— What you should do —
Only part of the listing is needed, namely the lines from its start through the line with "Cattle Squeeze Chute Red", and they should be retyped exactly.

— Data section —

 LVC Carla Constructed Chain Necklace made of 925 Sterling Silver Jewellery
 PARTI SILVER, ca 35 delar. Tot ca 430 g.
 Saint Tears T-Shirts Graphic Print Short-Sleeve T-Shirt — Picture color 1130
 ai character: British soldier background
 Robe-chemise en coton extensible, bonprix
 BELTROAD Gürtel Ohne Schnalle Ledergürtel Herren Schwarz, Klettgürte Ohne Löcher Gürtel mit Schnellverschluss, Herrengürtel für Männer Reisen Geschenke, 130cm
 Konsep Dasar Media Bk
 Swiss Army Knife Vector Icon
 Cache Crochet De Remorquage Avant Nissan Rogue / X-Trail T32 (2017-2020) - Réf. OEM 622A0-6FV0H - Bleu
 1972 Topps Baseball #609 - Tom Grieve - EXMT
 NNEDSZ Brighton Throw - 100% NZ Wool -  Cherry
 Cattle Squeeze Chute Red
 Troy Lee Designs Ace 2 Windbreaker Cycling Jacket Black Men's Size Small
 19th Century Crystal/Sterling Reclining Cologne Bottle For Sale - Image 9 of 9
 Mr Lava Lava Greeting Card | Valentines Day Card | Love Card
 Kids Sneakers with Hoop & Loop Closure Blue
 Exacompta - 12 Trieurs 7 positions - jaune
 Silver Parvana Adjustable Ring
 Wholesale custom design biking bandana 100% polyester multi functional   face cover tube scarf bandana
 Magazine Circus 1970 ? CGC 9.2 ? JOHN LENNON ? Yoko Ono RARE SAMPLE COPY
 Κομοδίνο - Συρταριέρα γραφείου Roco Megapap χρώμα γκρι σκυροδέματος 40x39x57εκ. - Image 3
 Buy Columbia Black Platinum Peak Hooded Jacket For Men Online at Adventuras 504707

— Exercise output —
 LVC Carla Constructed Chain Necklace made of 925 Sterling Silver Jewellery
 PARTI SILVER, ca 35 delar. Tot ca 430 g.
 Saint Tears T-Shirts Graphic Print Short-Sleeve T-Shirt — Picture color 1130
 ai character: British soldier background
 Robe-chemise en coton extensible, bonprix
 BELTROAD Gürtel Ohne Schnalle Ledergürtel Herren Schwarz, Klettgürte Ohne Löcher Gürtel mit Schnellverschluss, Herrengürtel für Männer Reisen Geschenke, 130cm
 Konsep Dasar Media Bk
 Swiss Army Knife Vector Icon
 Cache Crochet De Remorquage Avant Nissan Rogue / X-Trail T32 (2017-2020) - Réf. OEM 622A0-6FV0H - Bleu
 1972 Topps Baseball #609 - Tom Grieve - EXMT
 NNEDSZ Brighton Throw - 100% NZ Wool -  Cherry
 Cattle Squeeze Chute Red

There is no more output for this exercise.